Wednesday, September 17, 2014

Closing Her Up

Our warm seasons in Minnesota are short, at least they feel really short when you have -23 high temperatures some winter days, so we try and savor the Canterbury Park live racing season while we can.

Admittedly there was not a lot to savor on the racetrack for us personally this year, we only managed one win this season, but there were certainly great moments.

Trainer Robertino Diodoro, in his second season training at Canterbury, seized the training title from 9 time champion Mac Robertson.  This is the first year that I can remember that Mac didn't have the title wrapped up with 4 - 6 weeks to go.  I had a chance to talk with Diodoro after his Castletown won the $40,000 HBPA Sprint Stakes and asked him what changed between his debut season, where he had a hard time reaching the winners' circle, to this season.

“We had help issues, horses getting sick, you name it,” Diodoro said.  “I wasn’t going to come back but [Minnesota HBPA President] Tom Metzen kept after me in Phoenix to try again.  I do really like it here and after evaluating our horses and where they would fit, I decided to give it another try, but we weren’t going to do it halfway.”

                                                       Trainer Robertino Diodoro

Diodoro tied the Canterbury Park record for wins by a trainer on a single card, taking six on the final day, albeit in a highly unusual way, winning both ends of a dead heat in the $75,000 Shakopee Juvenile stakes which counted as two wins.  I'm not sure which feat is more impressive: winning six races or getting six wins in five races!
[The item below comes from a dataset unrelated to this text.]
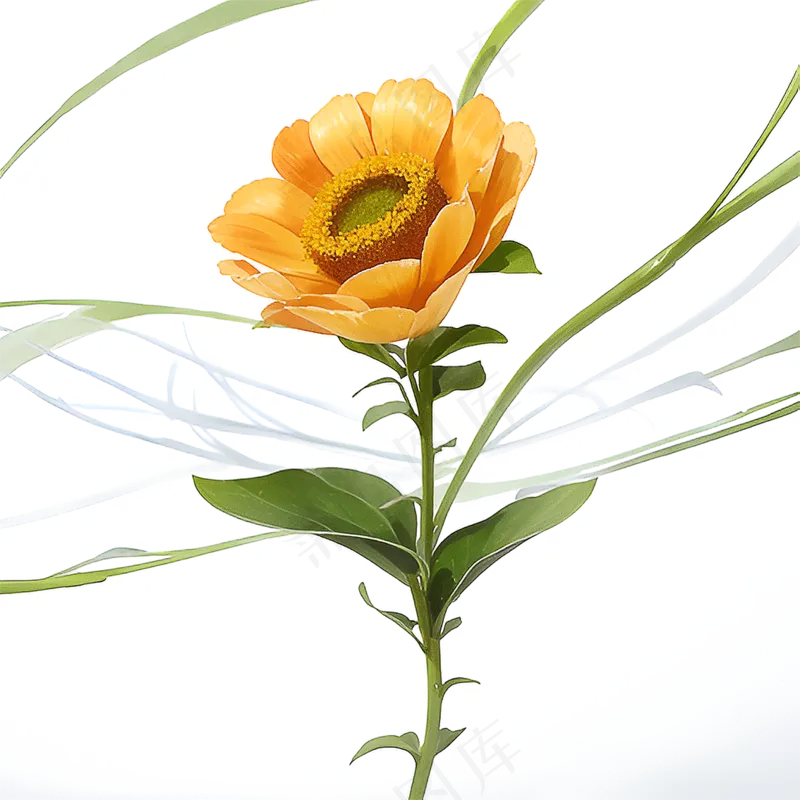 黄色向日葵免抠素材101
                                         Mercedes Stables owned/Diodoro trained dead heat.

The jockey race was another that came down to the final day.  The trio of defending champion Dean Butler, Ry Eikleberry and Alex Canchari entered the final day with Eikleberry sporting a two win lead over his rivals and was able to hold off Canchari, taking the title 64 - 63.
The Indian Horse Relay was again a highlight of the meet for me.  These kids are truly amazing.  For those not familiar, there are several teams that consist of a rider, holder and mugger.  Three horses on each team go a lap each (1 mile) and at the end of the lap, the mugger grabs the horse coming in at nearly full speed while the rider jumps off one mount and vaults on another for another lap.  This year's winner was Dolphus Racing from the Cheyenne River Sioux Nation.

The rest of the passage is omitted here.